The two leagues had some issues that I reported on, with many WTL players joining the KLTL. A lot of the stories that came from the players were less than complimentary towards the WTL, and while I remained as objective as possible myself, the quotes from the players were clearly frustrated with the Westeros league and looked at the King’s Landing league as a much better option.
For a year now, I’ve been receiving angry, negative comments on my articles about KLTL on my site by one particular woman. Which, okay, it happens. But this particular commenter has left comments on more than half my pieces over the course of months, growing more and more abusive as the months have worn on. At first I tried to engage reasonably, but it only enraged her further, so I stopped even reading beyond the first few lines of her comments.
I have asked my website to block her IP address from commenting; they refused, telling me it’s a perverse compliment. This did not go down well with me as I was stalked in the past (not connected to this), which was absolutely terrifying. This has brought up a lot of those old fears but since a) this harassment is online, not in person and b) she stopped commenting for a month or so, I let sleeping dogs lie.
I have since gotten a new editor, and my commenter has turned back up.
The kicker of this is, I’m 99% sure this is the former communications director of the WTL. She uses the same phrasing as this commenter (who goes by the same first name), her IP address is very similar and she often knows things only a league employee would know. I’ve reached the point where I want to contact her former employer and tell them this is occurring and they need to put a stop to it.

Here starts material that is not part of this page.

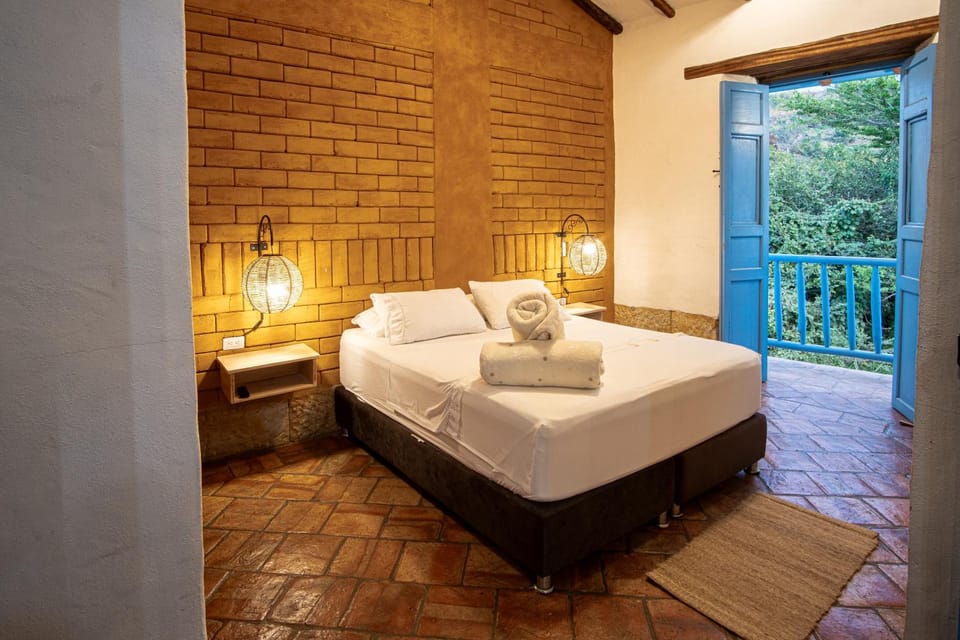 Bed, City view, Mountain view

If it’s her former employer, they’re unlikely to be able to do anything about it. And, if you’re wrong, you risk unfairly defaming her.
Unfortunately, angry and negative comments are part of writing online. That’s just the unpleasant reality, and yeah, it can be truly hurtful and upsetting. In fact, at times it can make your brain begin bleeding out of your eyeballs, which is both gross and unhealthy.
But it is indeed part of writing online. It’s going to happen, and you can’t reasonably insist that your employer ban someone just for negative comments. However, when someone’s comments cross over to abusive, especially repeatedly, that’s a different thing.
I wonder if, when you talked to your employer, you showed them the truly abusive stuff this person posted, or more of a mixed selection that included the merely negative? If so, they might have not realized exactly how bad the situation is, and it would be worth going back to them with a selection focused specifically on outright abuse.
Also, does your employer have a commenting policy that addresses what is and isn’t acceptable? If so, is it enforced? It they don’t have a policy or it’s not well-enforced, you could tackle it from that angle — pointing out that any well-trafficked website needs to have a method of enforcing community standards so that its commenting section doesn’t become a race to the bottom that drives away civil commentary. You could show them some examples of similar sites that have good policies, and could even point out that Twitter recently changed its policy and announced they’ll now ban users who send abusive tweets (and that they’re getting loads of good press about it).
Beyond that, though: Does your job require you to engage with commenters? If not, you might simply consider a break from reading comments, possibly a permanent one. Loads of writers don’t read the comments on their pieces, for exactly this kind of reason. (For example, while I try to look over most of the comments here, I never read the comments on my articles on Yahoo! News, because they’re at a totally different level of discourse and I’m not a masochist.) If you’ve been feeling somehow bound to follow the comments on your pieces, try giving yourself permission to skip them and see how you feel.